Start of Block
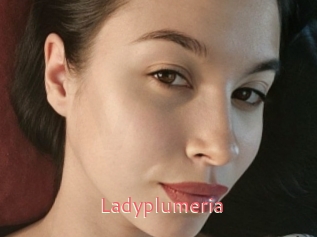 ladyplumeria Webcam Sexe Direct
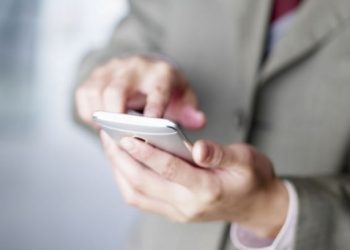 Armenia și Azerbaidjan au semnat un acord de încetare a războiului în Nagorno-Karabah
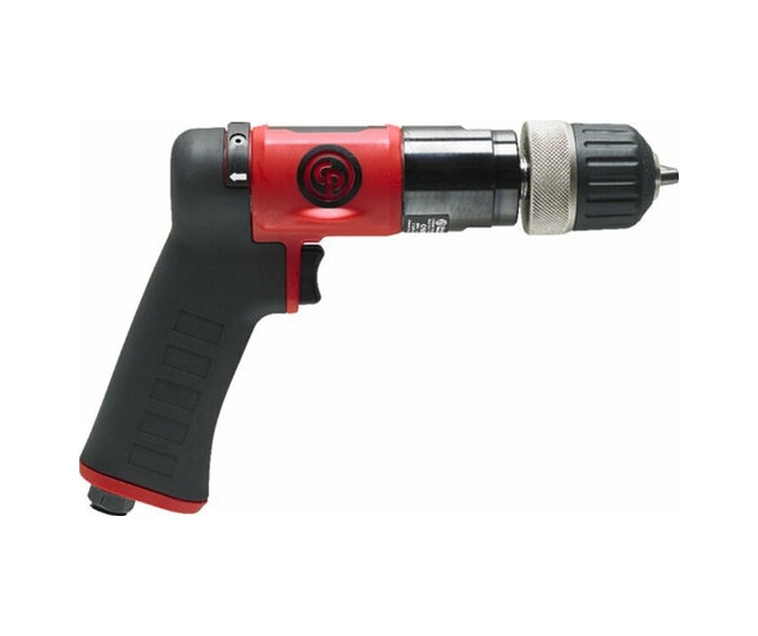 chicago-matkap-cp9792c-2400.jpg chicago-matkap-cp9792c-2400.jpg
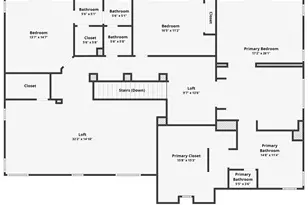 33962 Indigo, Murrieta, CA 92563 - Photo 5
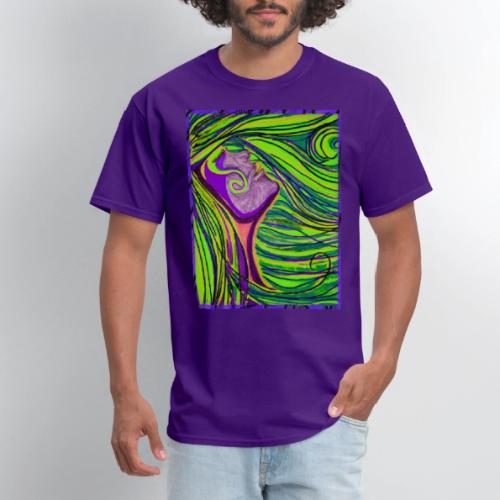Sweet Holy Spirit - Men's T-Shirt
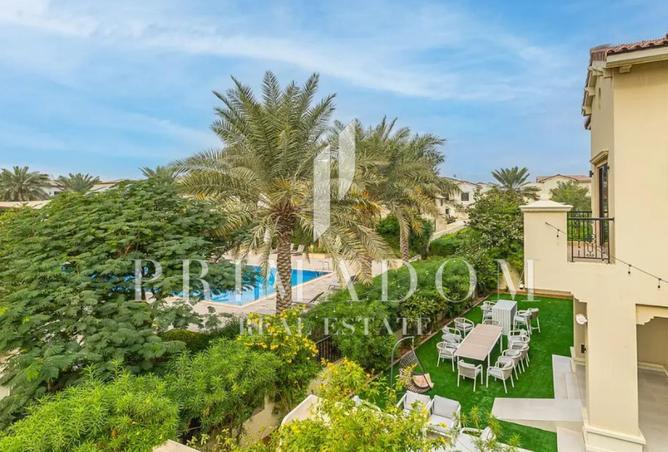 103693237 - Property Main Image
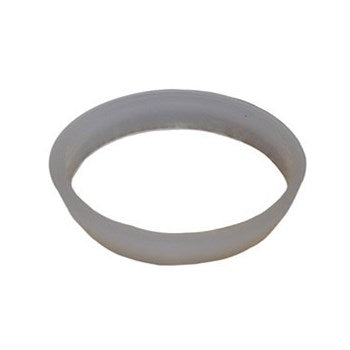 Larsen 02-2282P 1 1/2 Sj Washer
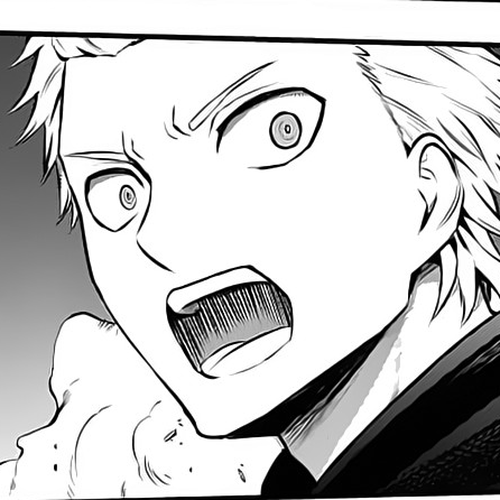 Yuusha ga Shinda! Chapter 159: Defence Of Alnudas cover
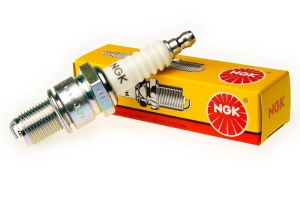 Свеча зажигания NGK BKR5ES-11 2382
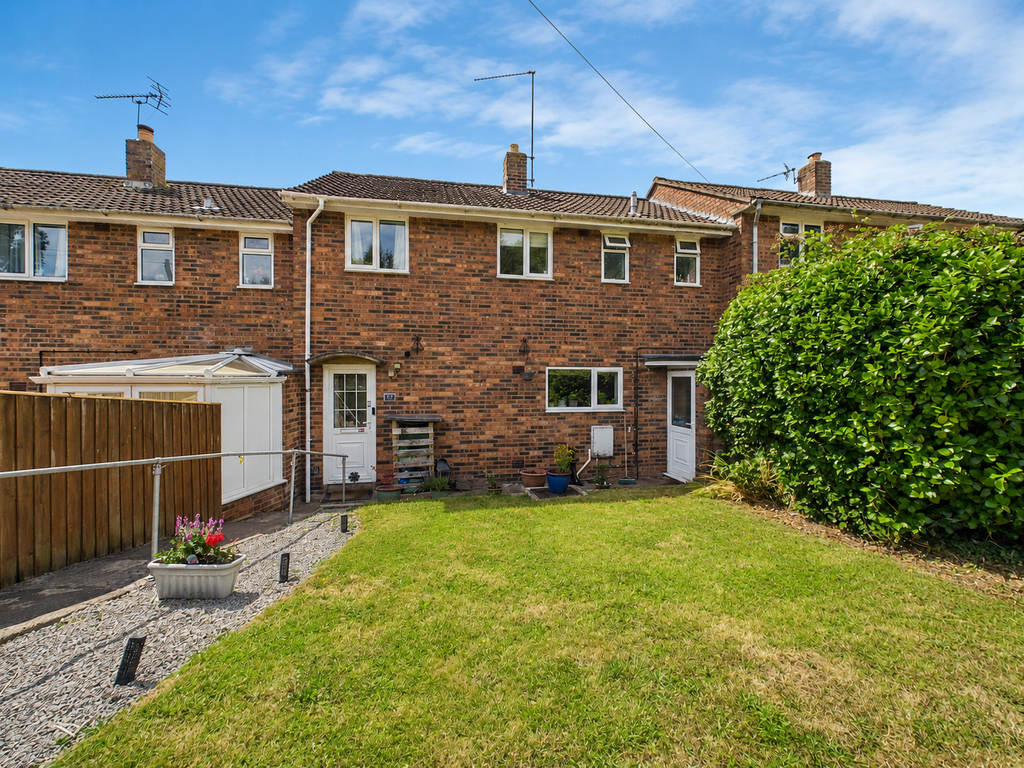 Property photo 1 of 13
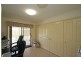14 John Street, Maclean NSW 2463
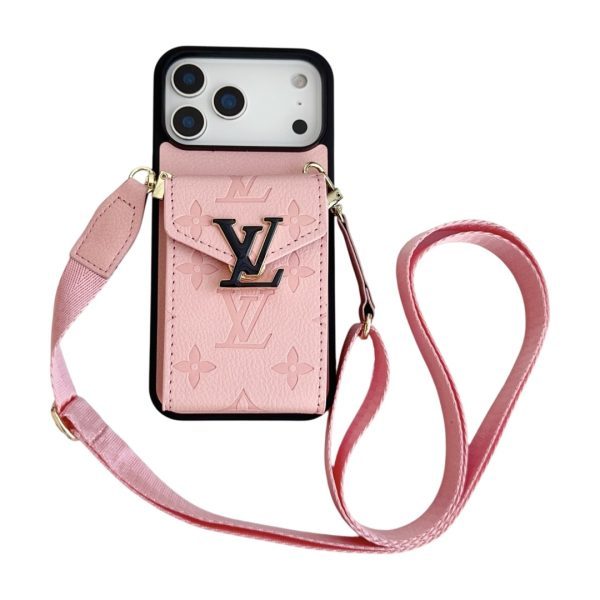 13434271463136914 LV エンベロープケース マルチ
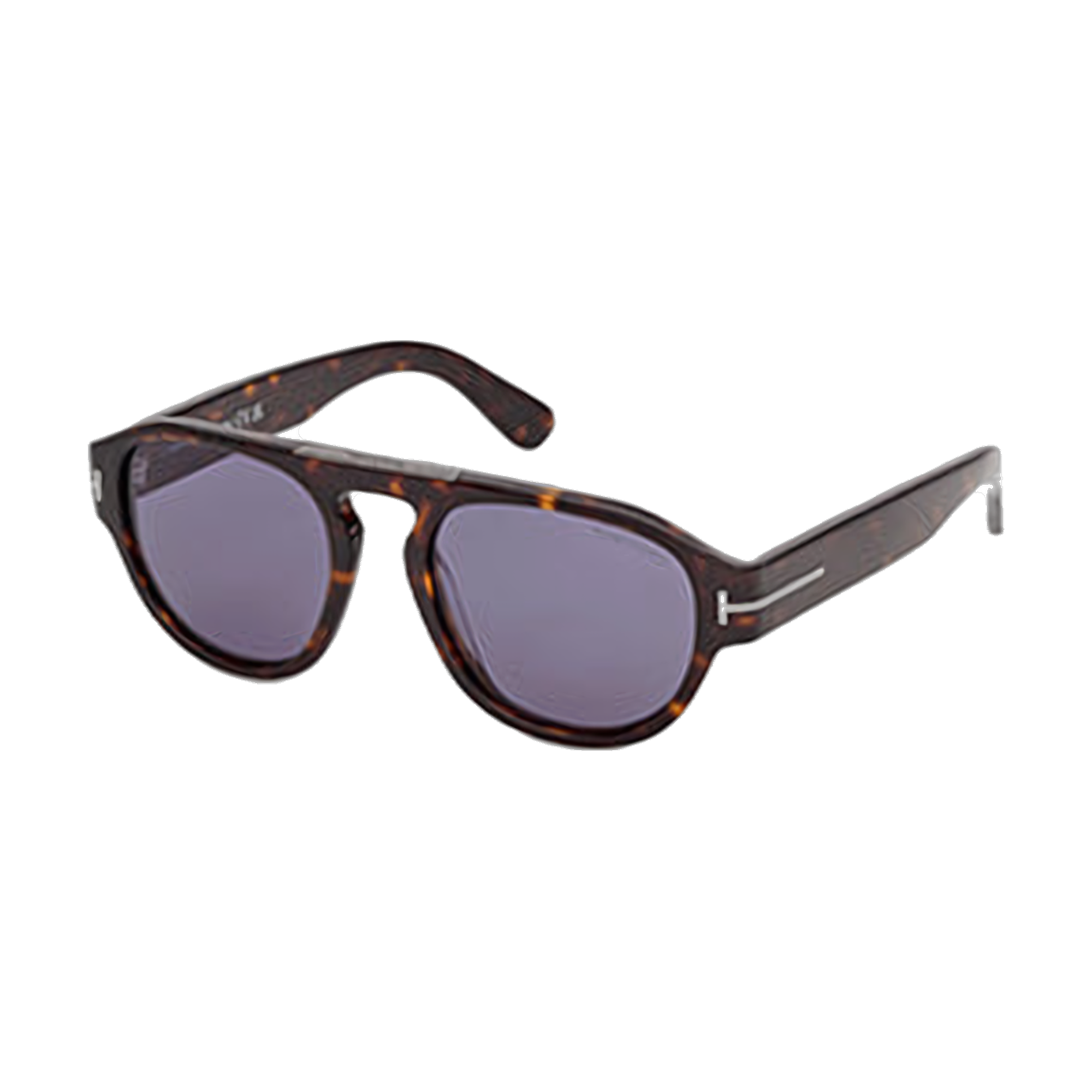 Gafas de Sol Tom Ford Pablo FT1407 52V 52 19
End of Block
Since the pictures are not wanted, write out the rest of the data exactly as it reads.

 ladyplumeria Webcam Sexe Direct
 Armenia și Azerbaidjan au semnat un acord de încetare a războiului în Nagorno-Karabah
 chicago-matkap-cp9792c-2400.jpg chicago-matkap-cp9792c-2400.jpg
 33962 Indigo, Murrieta, CA 92563 - Photo 5
Sweet Holy Spirit - Men's T-Shirt
 103693237 - Property Main Image
 Larsen 02-2282P 1 1/2 Sj Washer
 Yuusha ga Shinda! Chapter 159: Defence Of Alnudas cover
 Свеча зажигания NGK BKR5ES-11 2382
 Property photo 1 of 13
14 John Street, Maclean NSW 2463
 13434271463136914 LV エンベロープケース マルチ
 Gafas de Sol Tom Ford Pablo FT1407 52V 52 19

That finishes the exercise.